### DATA SHOWN

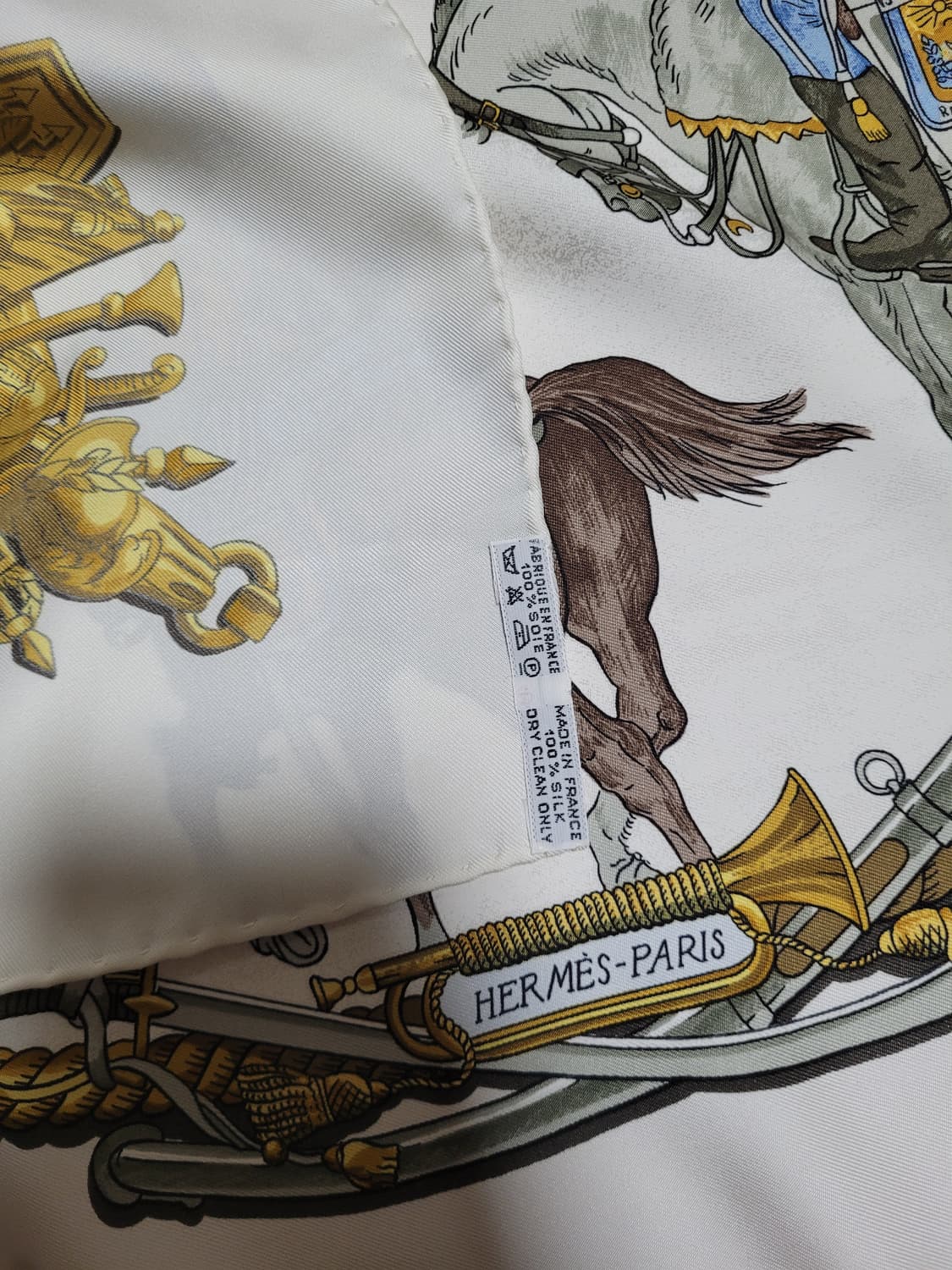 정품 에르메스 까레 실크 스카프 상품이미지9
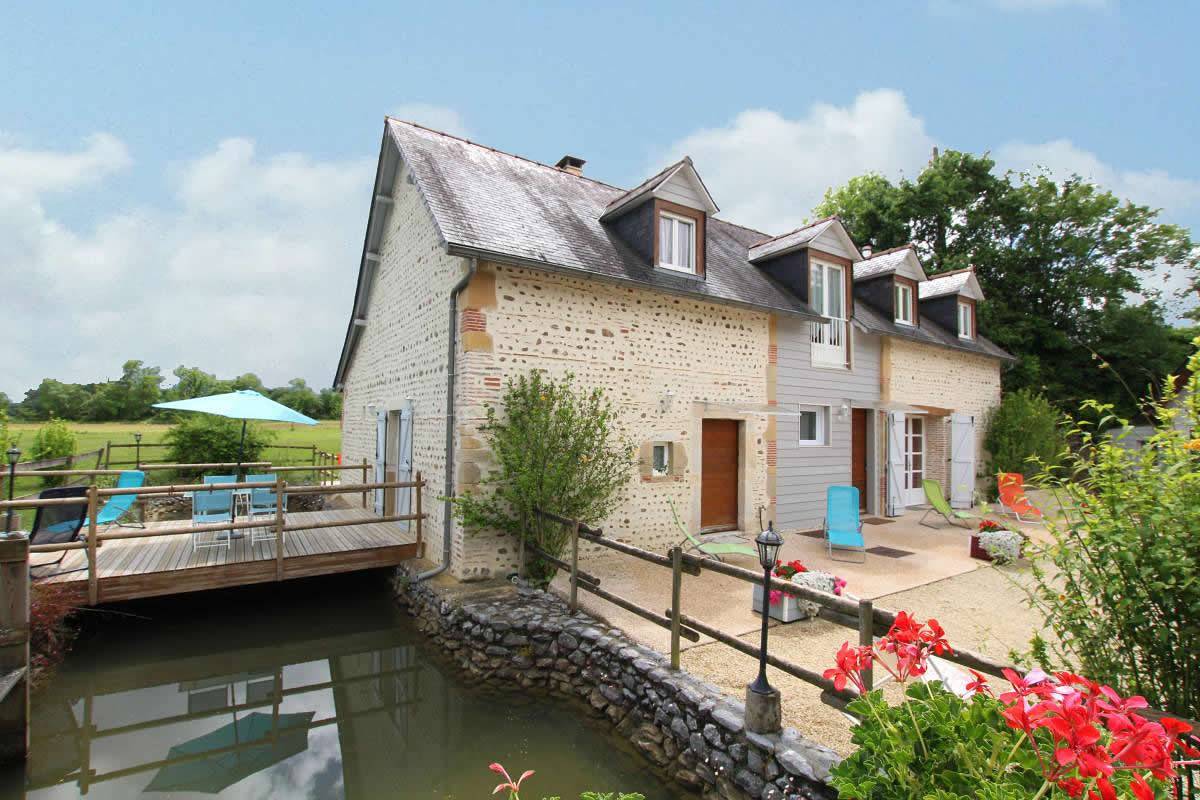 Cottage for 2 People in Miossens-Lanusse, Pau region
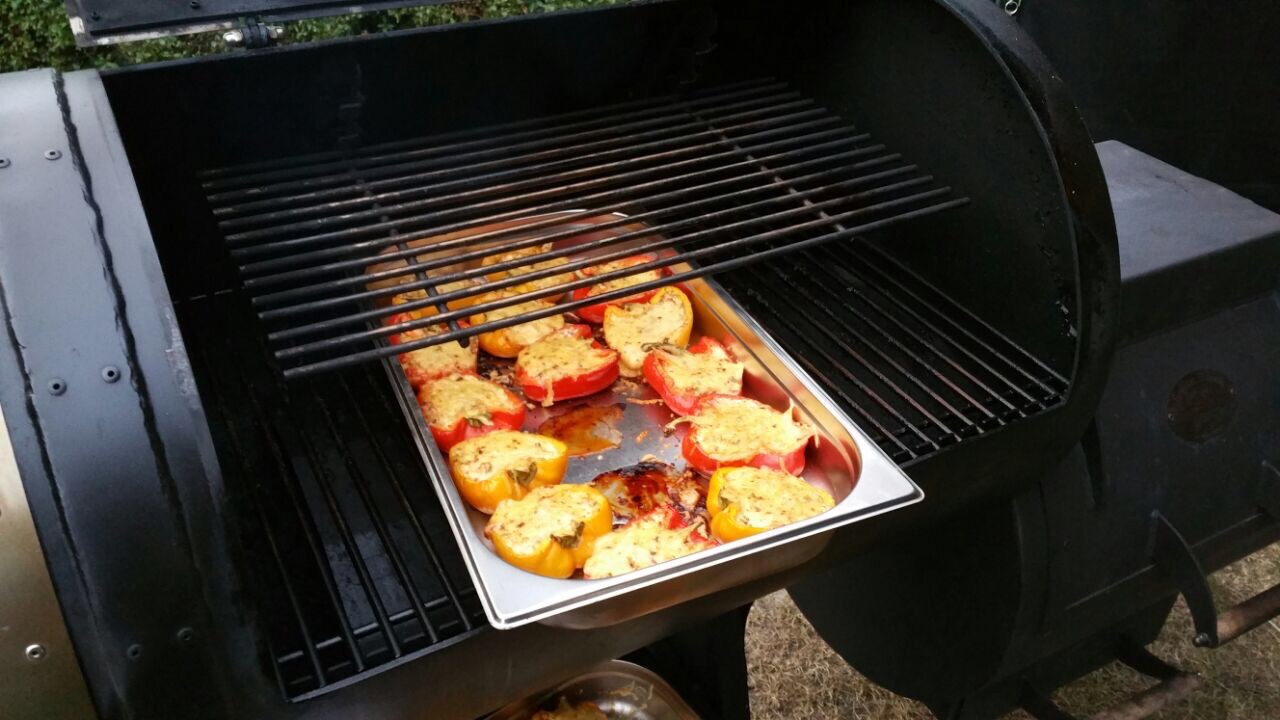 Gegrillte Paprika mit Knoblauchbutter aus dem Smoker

######

== WHAT NEEDS TO BE DONE ==
Each line from the one that contains "Cottage for 2" to the end of the listing must be quoted exactly; no other line and no picture belongs in the copy.

== EXERCISE SOLUTION ==
 Cottage for 2 People in Miossens-Lanusse, Pau region
 Gegrillte Paprika mit Knoblauchbutter aus dem Smoker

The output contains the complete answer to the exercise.